At 10 million b/d, gasoline demand reached a new Energy Information Administration (EIA) record last week, and that number only partially reflects Fourth of July holiday weekend travel. According to AAA, the nearly 1 million b/d jump in demand drove down gasoline supplies by 6.1 million bbl to 235,000 million bbl and consequently pushed the national average pump price up to $3.14.
The price of crude oil, which fluctuated last week following OPEC’s failure to reach an agreement on production increases, continues to be a dominant factor in determining how high prices will go this summer. Last week ended with higher crude prices than the start, though still under $75/bbl. According to AAA, those prices have the potential to increase this week, which will only lead to more expensive pump prices, especially amid robust demand.
“Peak summer driving season is in full-swing as Americans hit the road to explore and gas prices are not backing down,” said Jeanette McGee, AAA spokesperson. “Motorists are paying, on average, nearly a dollar more a gallon than last summer to fill up and close to 40 cents more than in 2019.”
On the week, about 25 state averages increased by at least two cents with a few seeing a jump of nine cents or more. State averages range from as low as $2.76 in Mississippi to as expensive as $4.31 in California.
As pump prices continue to increase, AAA members can save at the pump by joining the Fuel Rewards at Shell program at AAA.com/Shell.
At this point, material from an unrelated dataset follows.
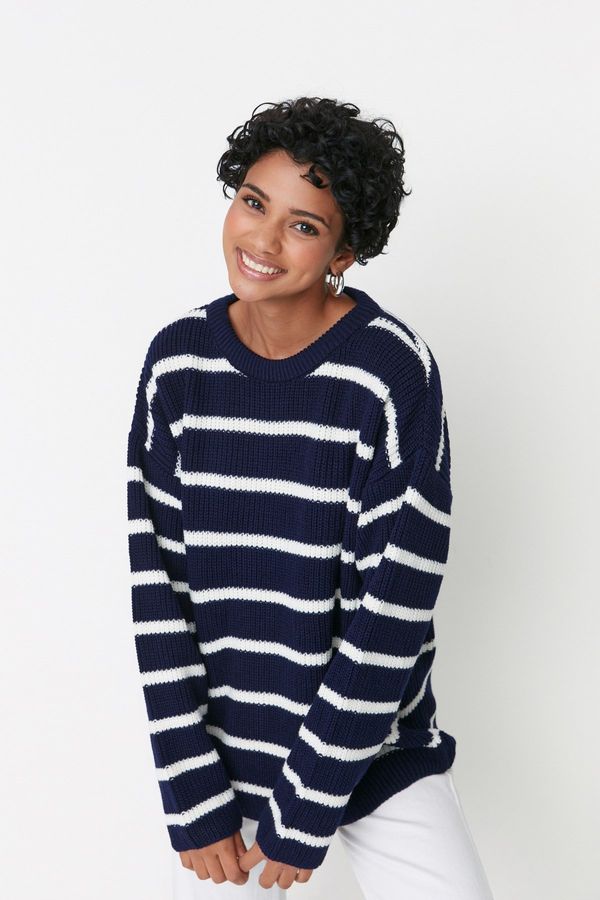 Trendyol Trendyol Navy Blue Wide Fit/Oversized Striped Knitwear Sweater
Members save 30 cents per gallon on their first fill-up when they join between now and Aug. 31, 2021. As part of the Fuel Rewards program, AAA Members earn Gold Status ongoing and save five cents per gallon every day on each individual gas purchase of up to 20 gallons from participating Shell stations with no minimum fill ups.
The nation’s top 10 largest increases: Utah (+11 cents), Indiana (+10 cents), Wyoming (+9 cents), Idaho (+9 cents), Alaska (+6 cents), Montana (+6 cents), South Carolina (+5 cents), North Dakota (+5 cents), Oklahoma (+4 cents) and Washington (+3 cents).
The nation’s top 10 least expensive markets: Mississippi ($2.76), Louisiana ($2.78), Alabama ($2.82), Texas ($2.82), Missouri ($2.82), Arkansas ($2.84), South Carolina ($2.86), Kansas ($2.86), Oklahoma ($2.87) and Tennessee ($2.88).
Oil Market Dynamics
At the close of Friday’s formal trading session, WTI increased by $1.62 cents to settle at $74.56. Crude prices declined early last week due to a stronger dollar and market concerns about excess crude supply. However, prices increased following the release of EIA’s report that showed total domestic crude inventories decreased by 6.9 million bbl to 445.5 million bbl. If EIA’s next weekly report shows another decline in total domestic crude inventories, prices could climb further this week.